After three months of treatment, the findings were exciting. “The mice were 20 months old and had advanced brain disease when we started the therapy,” Dr. Orr said. “After clearing the senescent cells, we saw improvements in brain structure and function. This was observed on brain MRI studies (magnetic resonance imaging) and postmortem histology studies of cell structure. The treatment seems to have stopped the disease in its tracks.”
“The fact we were able to treat very old mice and see improvement gives us hope that this treatment might work in human patients even after they exhibit symptoms of a brain disease,” said Nicolas Musi, M.D., study first author, who is Professor of Medicine and Director of the Sam and Ann Barshop Institute at UT Health San Antonio. He also directs the VA-sponsored Geriatric Research, Education and Clinical Center (GRECC) in the South Texas Veterans Health Care System.
Typically, in testing an intervention in Alzheimer’s mice, the therapy only works if mice are treated before the disease starts, Dr. Musi said.
Tau protein accumulation is responsible
In Alzheimer’s disease, patient brain tissue accumulates tau protein tangles as well as another protein deposit called amyloid beta plaques. The team found that tau accumulation was responsible for cell senescence. Researchers compared Alzheimer’s mice that had only tau tangles with mice that had only amyloid beta plaques. Senescence was identified only in the mice with tau tangles.
In other studies to confirm this, reducing tau genetically also reduced senescence. The reverse also held true. Increasing tau genetically increased senescence.
Importantly, the drug combination reduced not only cell senescence but also tau tangles in the Alzheimer’s mice. This is a drug treatment that does not specifically target tau, but it effectively reduced the tangle pathology, Dr. Orr said.
“When we looked at their brains three months later, we found that the brains had deteriorated less than mice that received placebo control treatment,” she said. “We don’t think brain cells actually grew back, but there was less loss of neurons, less brain ventricle enlargement, improved cerebral blood flow and a decrease in the tau tangles. These drugs were able to clear the tau pathology.”

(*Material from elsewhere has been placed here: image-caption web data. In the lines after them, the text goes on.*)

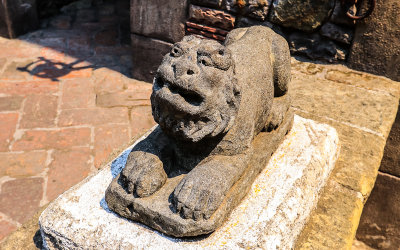 Lion statue at the Castello di Amorosa Winery in Napa Valley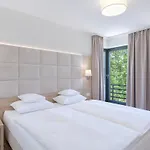 Ξενοδοχείο με διαμερίσματα Blue Mountain 4*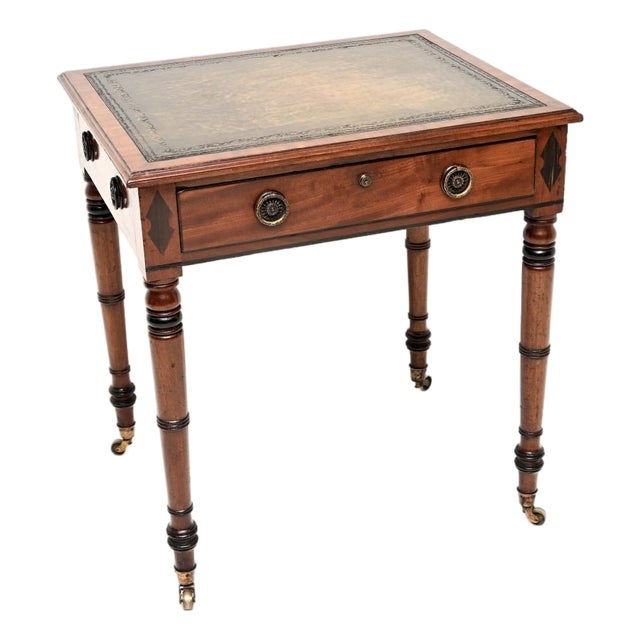 Antique Georgian Leather Top Writing Table, 1800 For Sale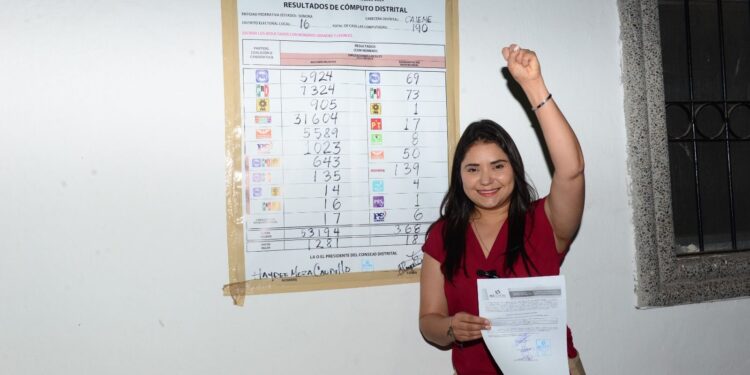 Deni Gastelum Barreras Recibe Constancia de Mayoría como Diputada Local por el Distrito 16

Potentially a therapy to be tested in humans
“This is the first of what we anticipate will be many studies to better understand this process,” Dr. Musi said. “Because these drugs are approved for other uses in humans, we think a logical next step would be to start pilot studies in people.”
The drugs specifically target—and therefore only kill—the senescent cells. Because the drugs have a short half-life, they are cleared quickly by the body and no side effects were observed.

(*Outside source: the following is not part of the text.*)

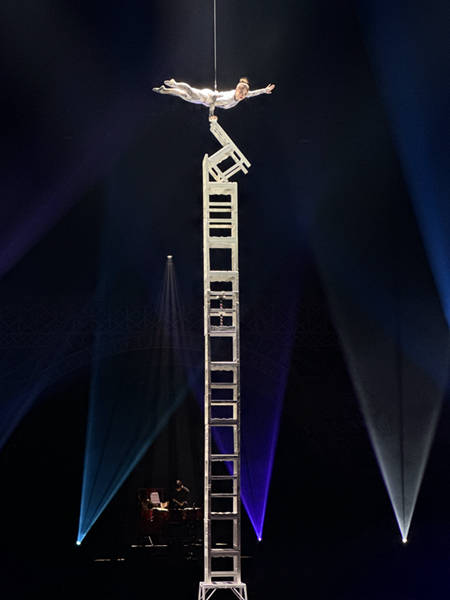 法国首演,大连杂技团燃爆全场_演出_观众_中国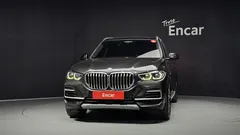 2022 BMW X5 xDrive 45e xLine — фото 3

Dasatinib is an oral medication. The mice were treated with the combination every other week. “So in the three months of treatment, they only received the drug six times,” Dr. Orr said. “The drug goes in, does its job and is cleared. Senescent cells come back with time, but we expect that it would be possible to take the drug again and be cleared out again. That’s a huge benefit—it wouldn’t be a drug that people would have to take every day.”

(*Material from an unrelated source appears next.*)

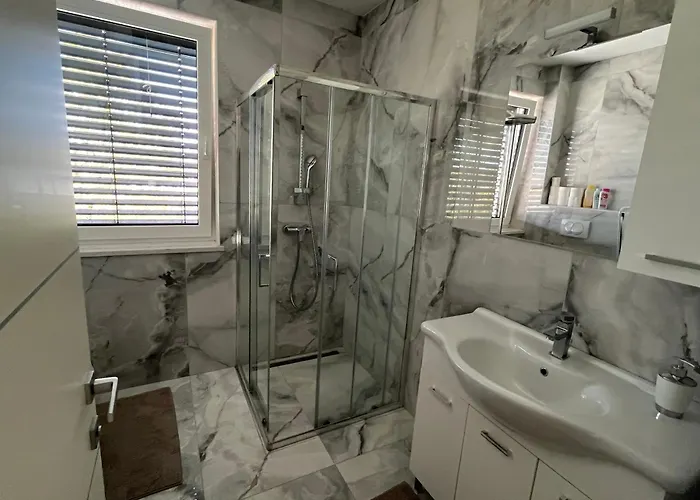 شقة Moste - Modern With Pool, Ev Station & Free Parking *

Dosage and frequency in humans would need to be determined in clinical trials, she said.
Next, the researchers will study whether cell senescence is present in traumatic brain injury. TBI is a brain injury that develops tau protein accumulation and is a significant cause of disability in both military and non-military settings, Dr. Orr said.
The team of researchers is from the Sam and Ann Barshop Institute, the South Texas Veterans Health Care System, and the Glenn Biggs Institute for Alzheimer’s and Neurodegenerative Diseases at UT Health San Antonio. The VA and the National Institute on Aging of the National Institutes of Health are the main funders of the research.